→ **What this task involves**
Copy exactly the lines from the start of the data below through the one that carries "Skoda Kamiq Crossover", and only those.

*** Source data

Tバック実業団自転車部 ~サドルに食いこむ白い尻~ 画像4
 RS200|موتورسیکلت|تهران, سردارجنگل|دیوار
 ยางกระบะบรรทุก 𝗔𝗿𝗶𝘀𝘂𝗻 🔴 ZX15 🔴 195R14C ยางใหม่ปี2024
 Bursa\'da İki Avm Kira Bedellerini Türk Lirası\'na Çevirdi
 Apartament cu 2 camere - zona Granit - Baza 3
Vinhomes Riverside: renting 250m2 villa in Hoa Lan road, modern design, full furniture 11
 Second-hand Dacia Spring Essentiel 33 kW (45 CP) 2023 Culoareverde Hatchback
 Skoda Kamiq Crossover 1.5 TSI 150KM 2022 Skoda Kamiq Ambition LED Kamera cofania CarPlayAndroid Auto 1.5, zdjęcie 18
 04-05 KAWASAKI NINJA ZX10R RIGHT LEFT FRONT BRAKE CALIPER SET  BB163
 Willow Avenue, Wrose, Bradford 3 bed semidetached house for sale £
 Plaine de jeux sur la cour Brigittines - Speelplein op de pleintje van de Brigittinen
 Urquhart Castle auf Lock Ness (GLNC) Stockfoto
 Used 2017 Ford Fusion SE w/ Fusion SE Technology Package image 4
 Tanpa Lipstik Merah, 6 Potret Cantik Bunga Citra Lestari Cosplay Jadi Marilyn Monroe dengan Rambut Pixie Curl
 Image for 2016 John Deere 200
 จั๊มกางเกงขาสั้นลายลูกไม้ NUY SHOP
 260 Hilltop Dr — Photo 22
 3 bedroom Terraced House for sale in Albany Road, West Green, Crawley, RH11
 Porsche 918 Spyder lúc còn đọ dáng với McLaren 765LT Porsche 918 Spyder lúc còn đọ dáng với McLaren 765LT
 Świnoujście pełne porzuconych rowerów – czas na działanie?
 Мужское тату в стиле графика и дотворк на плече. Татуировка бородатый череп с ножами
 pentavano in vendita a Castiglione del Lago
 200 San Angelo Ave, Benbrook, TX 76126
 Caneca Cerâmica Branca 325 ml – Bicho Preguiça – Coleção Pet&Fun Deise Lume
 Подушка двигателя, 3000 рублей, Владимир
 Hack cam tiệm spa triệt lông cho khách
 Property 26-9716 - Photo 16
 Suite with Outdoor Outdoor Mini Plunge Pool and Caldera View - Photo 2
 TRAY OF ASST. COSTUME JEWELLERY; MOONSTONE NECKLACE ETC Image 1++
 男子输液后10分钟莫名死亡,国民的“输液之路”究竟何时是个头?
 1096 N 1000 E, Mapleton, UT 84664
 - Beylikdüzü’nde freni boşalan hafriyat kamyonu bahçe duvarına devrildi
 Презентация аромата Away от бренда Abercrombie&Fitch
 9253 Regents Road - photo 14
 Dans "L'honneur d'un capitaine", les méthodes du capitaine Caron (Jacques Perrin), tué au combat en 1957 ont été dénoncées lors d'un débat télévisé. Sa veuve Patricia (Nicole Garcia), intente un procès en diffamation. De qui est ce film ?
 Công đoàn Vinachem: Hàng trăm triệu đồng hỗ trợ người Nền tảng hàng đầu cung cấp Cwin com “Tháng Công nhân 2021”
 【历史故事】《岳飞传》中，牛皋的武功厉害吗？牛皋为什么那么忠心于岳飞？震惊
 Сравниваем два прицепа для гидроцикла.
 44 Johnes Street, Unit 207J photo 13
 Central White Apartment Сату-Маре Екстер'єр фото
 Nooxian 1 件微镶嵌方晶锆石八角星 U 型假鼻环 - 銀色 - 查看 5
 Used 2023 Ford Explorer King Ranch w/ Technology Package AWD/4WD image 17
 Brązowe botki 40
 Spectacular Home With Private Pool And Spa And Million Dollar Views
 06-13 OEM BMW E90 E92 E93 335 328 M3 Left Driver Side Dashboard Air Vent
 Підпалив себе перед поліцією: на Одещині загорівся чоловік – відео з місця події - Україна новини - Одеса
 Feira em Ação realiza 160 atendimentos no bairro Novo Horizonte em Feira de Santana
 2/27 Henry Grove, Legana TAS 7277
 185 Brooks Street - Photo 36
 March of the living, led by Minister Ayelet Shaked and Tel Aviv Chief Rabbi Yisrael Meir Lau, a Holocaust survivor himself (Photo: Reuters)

******

→ **Solution to this exercise**
Tバック実業団自転車部 ~サドルに食いこむ白い尻~ 画像4
 RS200|موتورسیکلت|تهران, سردارجنگل|دیوار
 ยางกระบะบรรทุก 𝗔𝗿𝗶𝘀𝘂𝗻 🔴 ZX15 🔴 195R14C ยางใหม่ปี2024
 Bursa\'da İki Avm Kira Bedellerini Türk Lirası\'na Çevirdi
 Apartament cu 2 camere - zona Granit - Baza 3
Vinhomes Riverside: renting 250m2 villa in Hoa Lan road, modern design, full furniture 11
 Second-hand Dacia Spring Essentiel 33 kW (45 CP) 2023 Culoareverde Hatchback
 Skoda Kamiq Crossover 1.5 TSI 150KM 2022 Skoda Kamiq Ambition LED Kamera cofania CarPlayAndroid Auto 1.5, zdjęcie 18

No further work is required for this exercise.